Find Burden in Georgia State Golf Association events – he made the match-play bracket at the Super Senior Match Play in April – or anything else in the greater metro area, like next week’s Crabapple Senior Invitational, a four-ball event at Capital City Club’s Crabapple Course.

“It’s like studying for a test,” he said of trying to keep his game sharp while still devoting energy to work and other parts of his life. “You’re trying to figure out how much time you can devote to not only this but other things and it be as efficient as possible.”

Burden’s roots are in Clinton, Iowa, a city of 25,000 people on the Iowa-Illinois border. He learned to play with his dad and older brother, Joe, who went on to a standout career at the University of Illinois as the younger Burden watched closely. Mark, six years Joe’s junior, was an Iowa State Junior Amateur champion himself, and winning the Iowa State Junior PGA qualified him for the Junior World Championship in San Diego. He roomed with Rick Smith, now a nationally recognized instructor, and met future college teammate Mike Forgash.

In 1975, Mark Burden landed on the roster at Duke. He played four years, was captain for two, and won’t ever forget the experience – particularly his first college start, when he warmed up between a couple of Wake Forest stalwarts, Jay Haas and Curtis Strange.

“It was a great experience,” Burden said of those years. “I struggled with my game, but it was probably the best thing that ever happened to me because you come back and fall in love with it again.”

Post-Duke, Burden, who had graduated with a degree in history, began working for Northwestern Mutual. Searching for something other than daily-fee golf, Burden fell in with a group of other young professionals and joined East Lake Golf Club in Atlanta. The course opened to walk-and-carry players at 2 p.m., for a reduced rate, so Burden and his crew would be waiting on the first tee by 1:59.

“I really got my game back there playing, it was so much fun,” he said. “I also had to kind of understand what golf is really all about and kind of put it in perspective.”

The 1980s and ‘90s were like a second wind in Burden’s golf life. “You sober up from that whole, ‘I’ve got to shoot 68 every time,’” he said, but he also scored a breakthrough at the hands of instructor Mike Adams. A few small tips clicked and Burden “started ripping it.”

The glory days of that era, pre-family life, included a trip to the 1986 U.S. Mid-Amateur, where Burden match play.

“To play really good golf, you have to be in balance,” Burden said. “What I mean by that is if you have a family, you have to be dedicated to them, you have to be grinding at the office so then golf can complement those things. You really appreciate it.”

Burden’s two sons, Quinn and Owen, were both college athletes. Quinn ran track at Georgia while Owen played four years of college golf at Furman from 2018 to 2022. Golf-dad life suited Burden so well that it moves him to tears to talk about it.

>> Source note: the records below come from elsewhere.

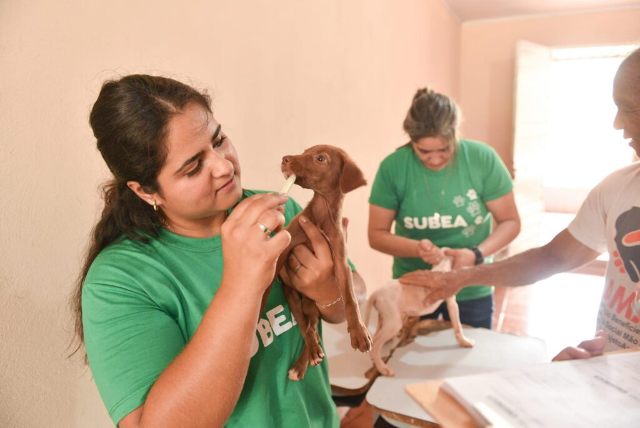 Prefeitura leva atendimento veterin&aacute;rio itinerante a duas regi&otilde;es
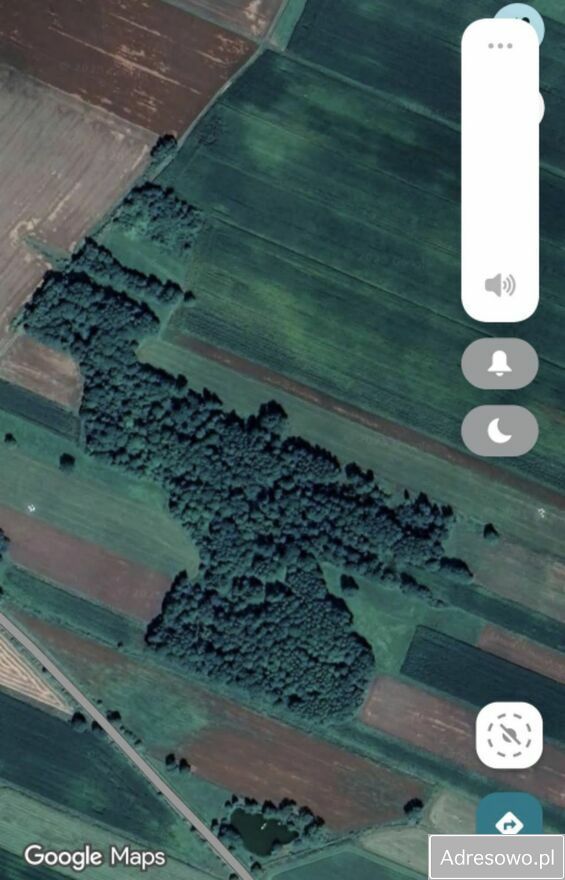 Działka leśna Krypno Kościelne. Zdjęcie 3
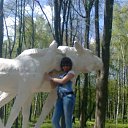 ���� �����, ����-�������, 37 ��� - ��������� 18 ���� 2013 � ������ ���� ����������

Mark Burden, right, with son Owen after Owen's recent hole-in-one (his third) in Cashiers, North Carolina. (Photo submitted)
Mark Burden, right, with son Owen after Owen’s recent hole-in-one (his third) in Cashiers, North Carolina. (Photo submitted)

In terms of this upcoming generation of players, he brags equally about Owen – who went on to earn a Master’s degree from Vanderbilt, pass his CPA exam and get a job with Ernst and Young in Charlotte, North Carolina – and Owen’s teammates and junior golf contemporaries. Burden knows all their stats and whereabouts.

He heaps praise on the junior program at Cherokee Town and Country Club in Atlanta, where Owen and his friends were welcomed into the game. Mark remains a member at Cherokee and has won the club’s senior championship eight times.

On a national scale, Burden qualified for the U.S. Senior Amateur in 2013 and 2015, making match play both times. Those are just two more chapters in Burden’s long and colorful history in a game that has shaped his life profoundly.

“The game is so special to me,” he said. “It took me from small-town Iowa to here so to me, it’s just the greatest game. It’s the best fraternity you would ever get the chance to join.”